I’m a woman. I’ve never doubted that because it’s perfectly bloody obvious. I don’t conform to gender stereotypes and I wish that I hadn’t been raped because I’m a woman. It never made me think that I’m actually a man trapped in a woman’s body because of this though. In the same way I don’t believe that I’ve been born into the wrong because I have a physical disability. It would be nice to be able to live and be accepted as an able bodied man. But I’m not insane enough to think that it’s actually possible.

SlipperyLizard · 02/08/2020 21:37

Gender is a social construct and the stereotypes it seeks to impose hinder the free expression of men and women.

I am a woman, but I don’t identify with the regressive stereotypes of my alleged “gender”.

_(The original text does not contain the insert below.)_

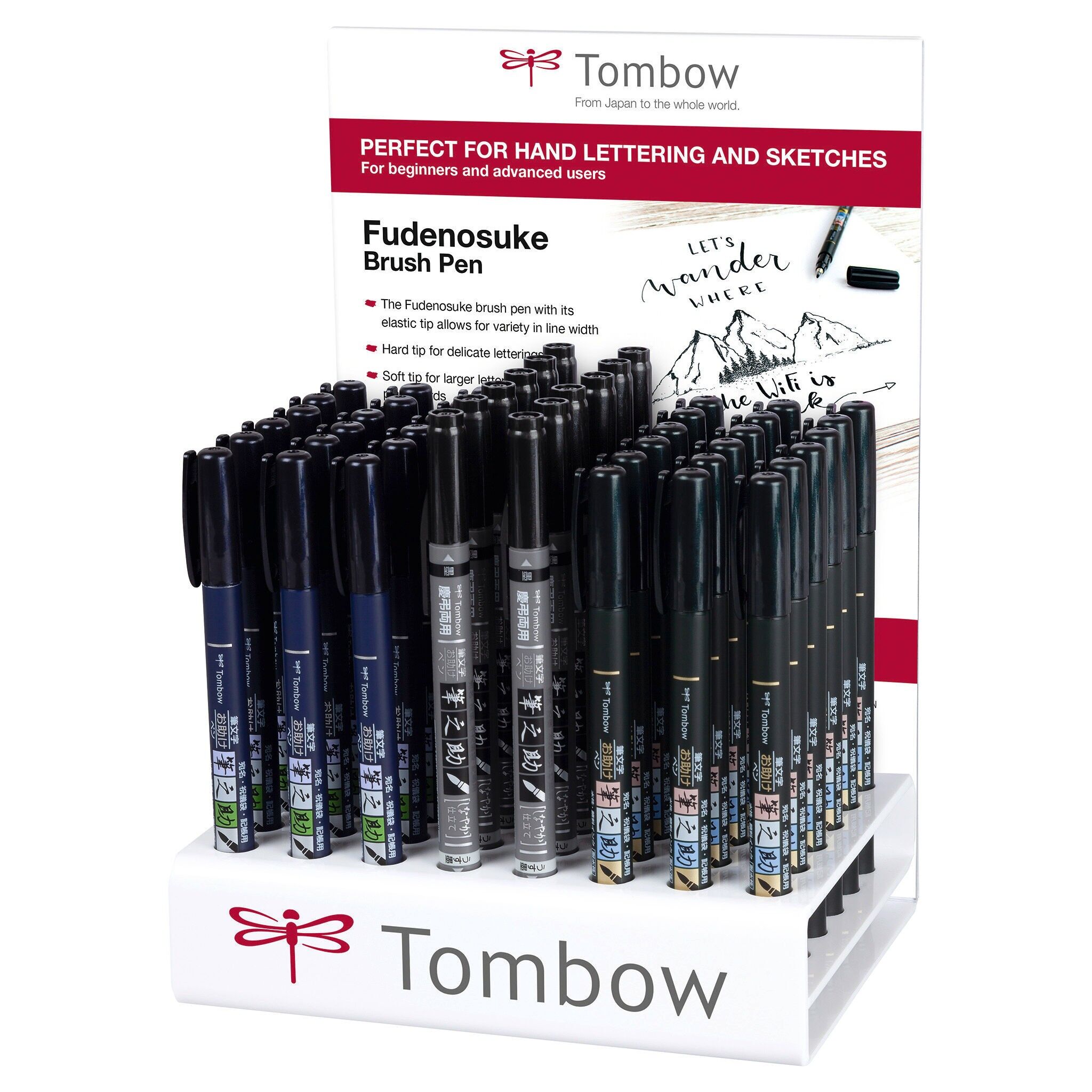 Feutre brush Fudenosuke présentoir noir et twin, 48 pièces (18x WS-BH, 18x WS-BS, 12x WS-TBS), dimensions présentoir (H/L/P) 238 mm x 165 mm x 132 mm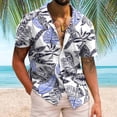 thumbnail image 2 of Camisas De Vestir Para Hombre Manga Larga Hombres Casual Manga corta Primavera Verano Turndown Neck 3D Impreso Camisas Moda Top Blusa Camisas (White, XXL), 2 of 4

No one is “born in the wrong body”, there are no internal feelings that are exclusively “male” or “female”.

pallisers · 02/08/2020 21:37

Not at all. Being a woman was as inevitable to me as being human. I certainly disliked a lot of the restrictions on women and the lack of equality and opportunity for women but I felt I should change the system rather than myself. and even with the shit that society often imposes on women, I have always liked being female and being female would be my preference.

I grew up in a place and time where the heavily gendered blue/pink/different toys/little princess stuff just really didn't exist. I was going through old photos recently and it struck me that dh and I wore very similar clothes right through childhood except for special occassions.

NameChange84 · 02/08/2020 21:39

Never for a second. Loved being a little girl and I love that I am a woman. I also love my femininity and am very drawn to “the feminine” in general. I love how different mens bodies are to my own and really celebrate the difference between us. My periods are horrendous but I’m weirdly grateful for them and feel really happy that I was born with a woman’s body which would develop to carry life within it, give birth to new life and which could feed and nourish a child.

I’m delighted that I wasn’t born male. I used to feel sorry for little boys as a child.